▶ [DIRECTIONS]
Wherever the word "floor" occurs in the lines below, copy the whole line.

▶ [LISTED RECORDS]

========================================

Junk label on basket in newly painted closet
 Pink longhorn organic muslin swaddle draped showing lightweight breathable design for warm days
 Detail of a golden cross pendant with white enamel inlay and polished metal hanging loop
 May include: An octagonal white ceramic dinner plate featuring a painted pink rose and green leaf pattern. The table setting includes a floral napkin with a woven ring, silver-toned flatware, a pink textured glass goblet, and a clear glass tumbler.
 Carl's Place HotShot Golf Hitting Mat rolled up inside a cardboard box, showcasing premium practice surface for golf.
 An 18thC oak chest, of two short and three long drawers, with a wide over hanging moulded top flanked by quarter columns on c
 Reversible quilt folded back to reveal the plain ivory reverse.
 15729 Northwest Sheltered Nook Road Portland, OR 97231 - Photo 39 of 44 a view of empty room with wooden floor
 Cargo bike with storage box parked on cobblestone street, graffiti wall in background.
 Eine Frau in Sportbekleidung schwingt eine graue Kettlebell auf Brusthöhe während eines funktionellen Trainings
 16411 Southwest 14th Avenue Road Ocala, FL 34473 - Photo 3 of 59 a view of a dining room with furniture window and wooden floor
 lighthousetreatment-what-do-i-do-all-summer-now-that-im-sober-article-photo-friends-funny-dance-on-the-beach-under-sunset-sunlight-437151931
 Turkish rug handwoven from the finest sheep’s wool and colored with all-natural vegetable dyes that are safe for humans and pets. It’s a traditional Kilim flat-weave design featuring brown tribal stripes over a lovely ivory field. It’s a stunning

========================================

▶ [ANSWER FOR THIS EXERCISE]
 15729 Northwest Sheltered Nook Road Portland, OR 97231 - Photo 39 of 44 a view of empty room with wooden floor
 16411 Southwest 14th Avenue Road Ocala, FL 34473 - Photo 3 of 59 a view of a dining room with furniture window and wooden floor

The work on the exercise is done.